Nothing but the lines from the one with "Gabbione aggiuntivo di" through the end of the material should be retyped, word for word and without pictures.

§

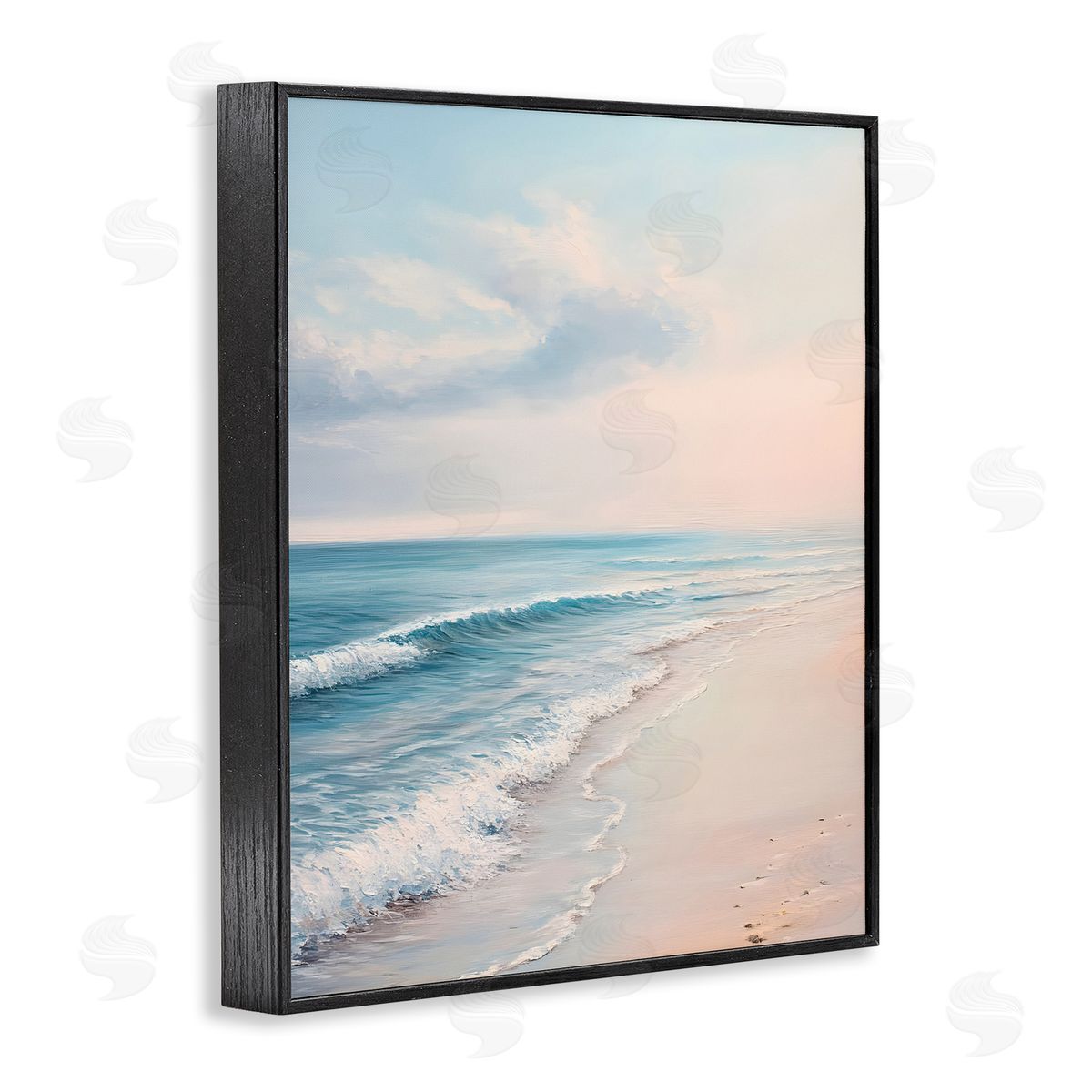 Serene Sands at Sunset Black Frame Print Wall Art, Home Decor by Franklyn Gregory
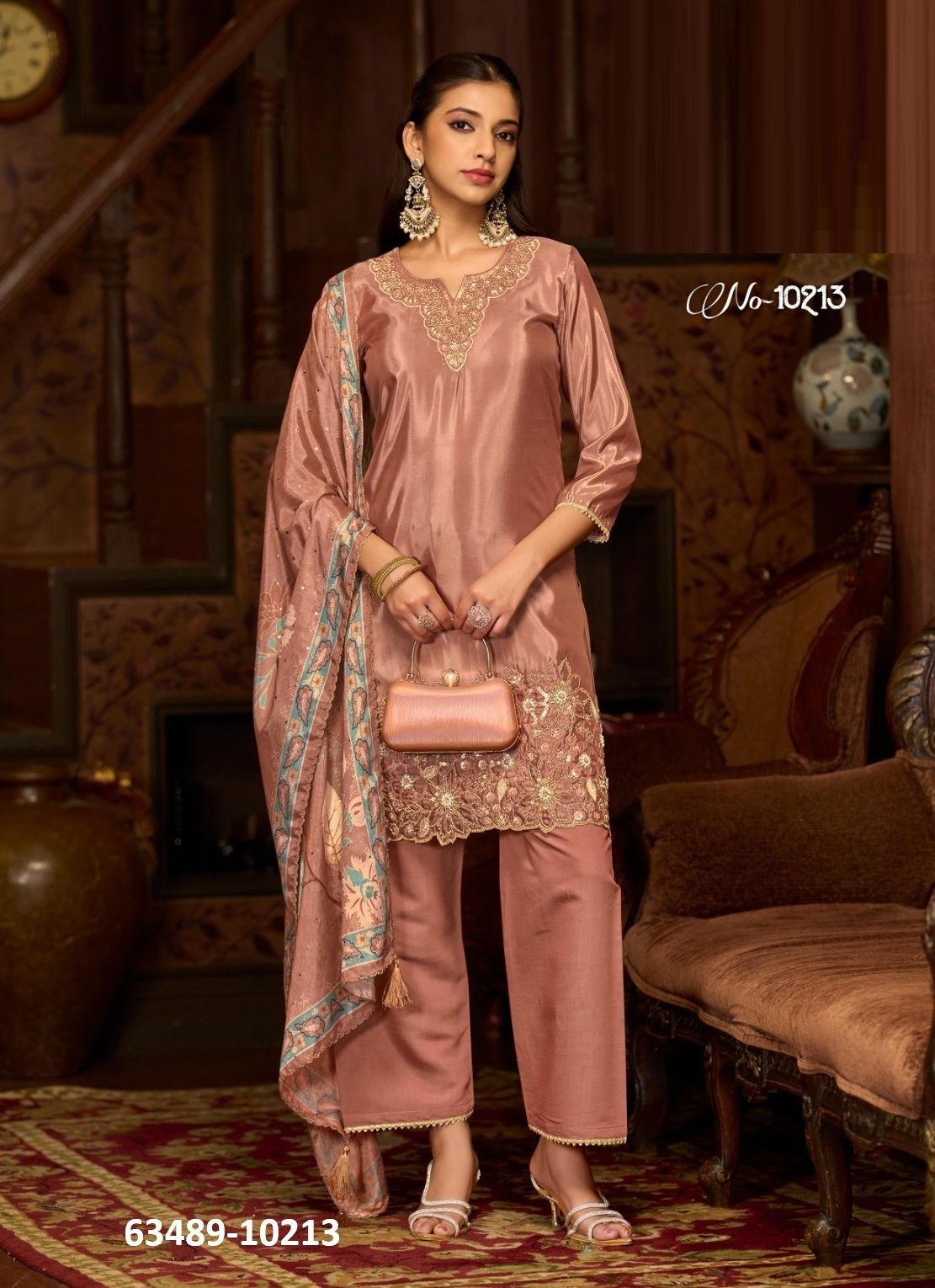 PEARL - Catalog # 63489 (Set of 4 Readymade Salwar Suits) by Rangoon PEARL - Catalog # 63489 (Set of 4 Readymade Salwar Suits) by Rangoon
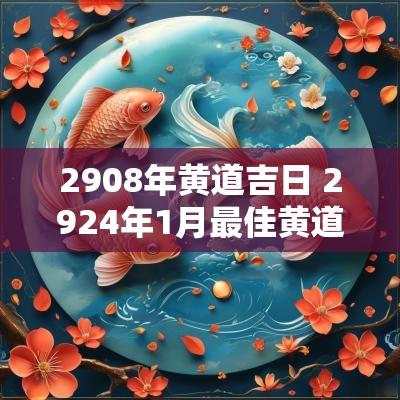 2908年黄道吉日 2924年1月最佳黄道吉日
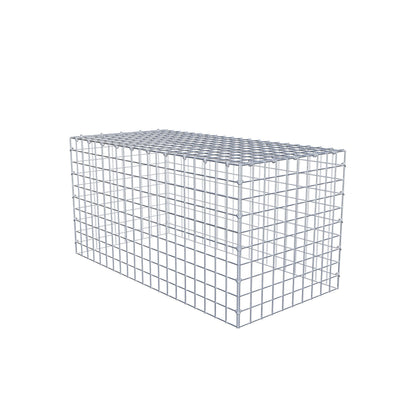 Gabbione aggiuntivo di tipo 3 100 cm x 50 cm x 50 cm (L x A x P), maglia 5 cm x 5 cm, anello a C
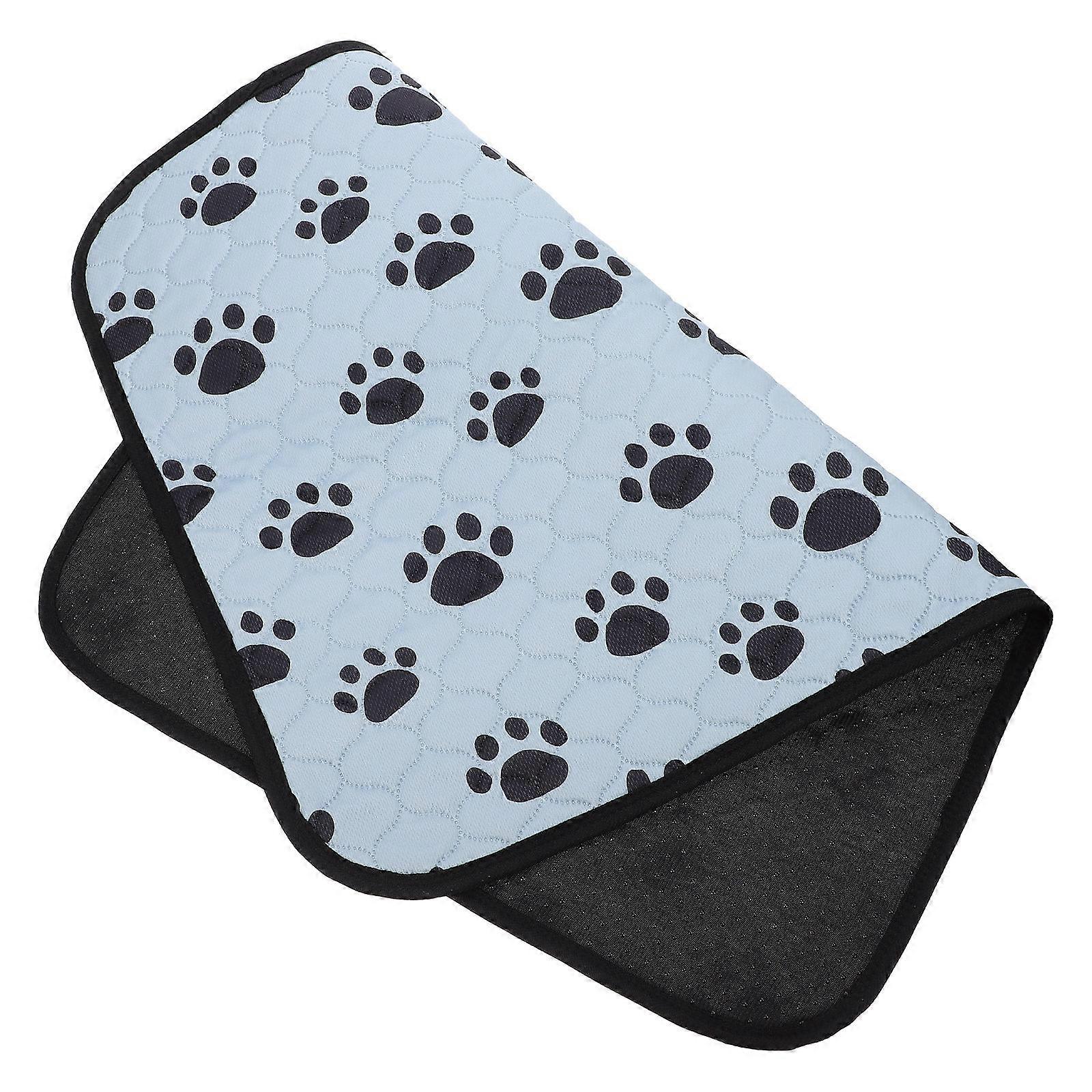 Pee Pad for Pet Urine Mat Outdoor Anti-slip Leak-proof Polyester 23.6 17.7 0.0in 1Pack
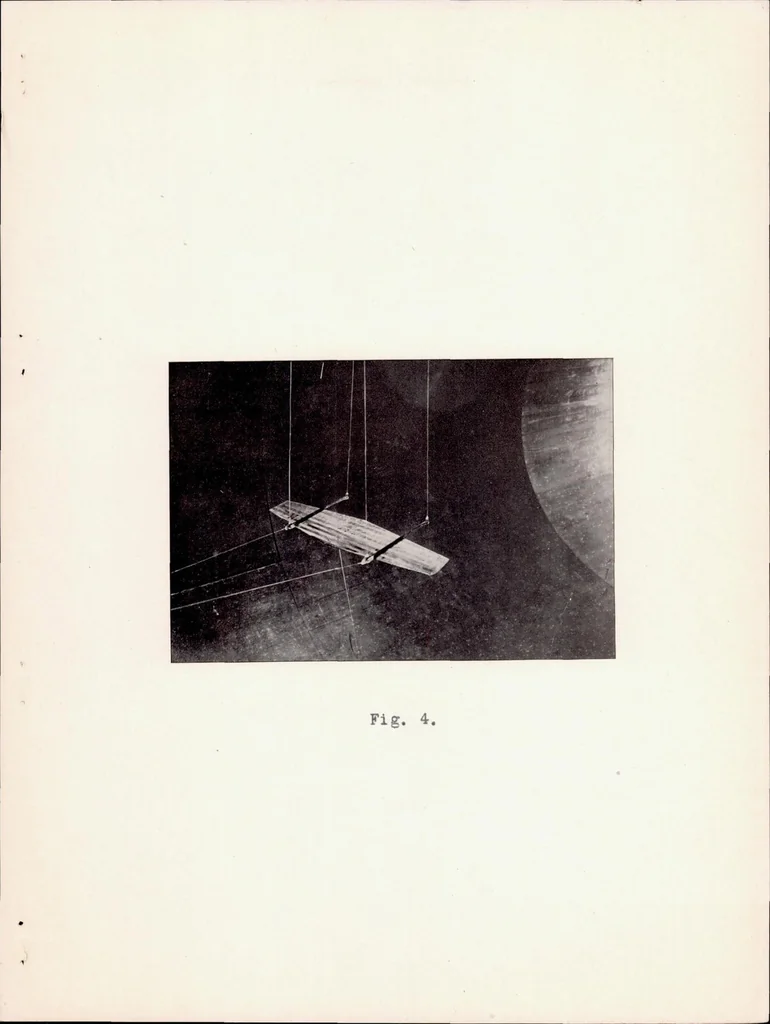 An illustration from Langley Field wind tunnel apparatus, 1921, leaf 8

§

Result of the exercise:
 Gabbione aggiuntivo di tipo 3 100 cm x 50 cm x 50 cm (L x A x P), maglia 5 cm x 5 cm, anello a C
 Pee Pad for Pet Urine Mat Outdoor Anti-slip Leak-proof Polyester 23.6 17.7 0.0in 1Pack
 An illustration from Langley Field wind tunnel apparatus, 1921, leaf 8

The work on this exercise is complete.